Problem statement => The answer must consist solely of the lines from the one with "Snapshot of SukItSlo444" through the last line of the data, copied exactly, with no pictures.
── Supplied material ──
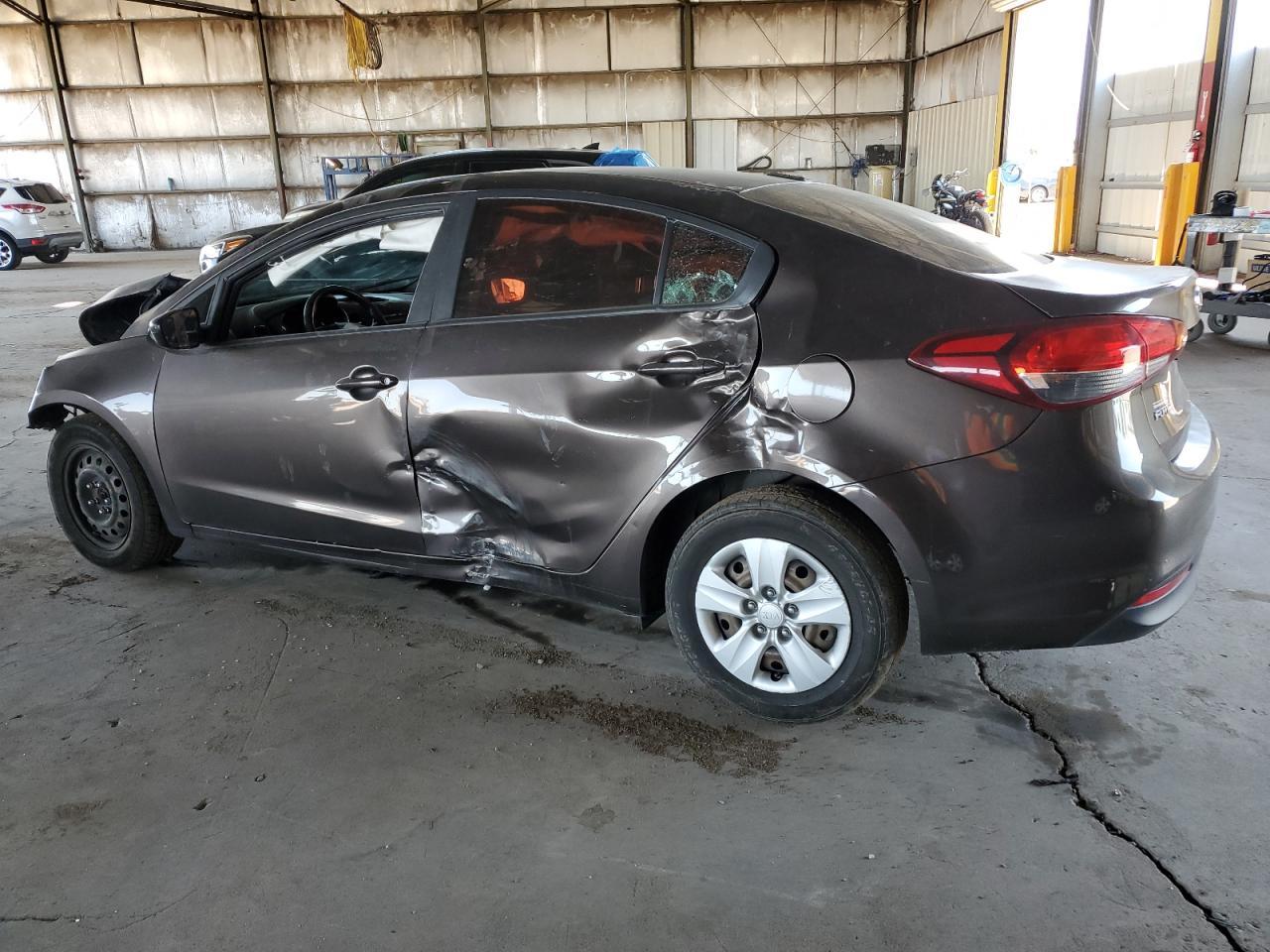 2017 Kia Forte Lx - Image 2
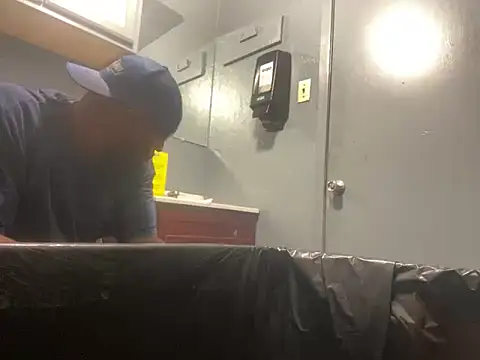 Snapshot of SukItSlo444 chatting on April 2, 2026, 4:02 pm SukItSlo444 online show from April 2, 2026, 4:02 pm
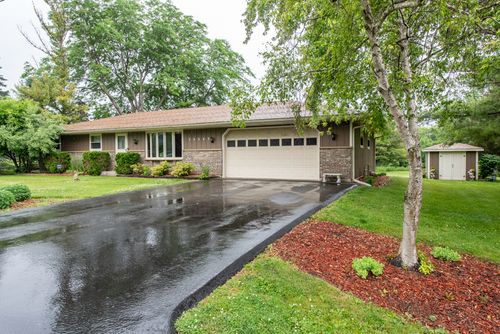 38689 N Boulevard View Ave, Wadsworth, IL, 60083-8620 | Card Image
───
Response to the exercise =>
 Snapshot of SukItSlo444 chatting on April 2, 2026, 4:02 pm SukItSlo444 online show from April 2, 2026, 4:02 pm
 38689 N Boulevard View Ave, Wadsworth, IL, 60083-8620 | Card Image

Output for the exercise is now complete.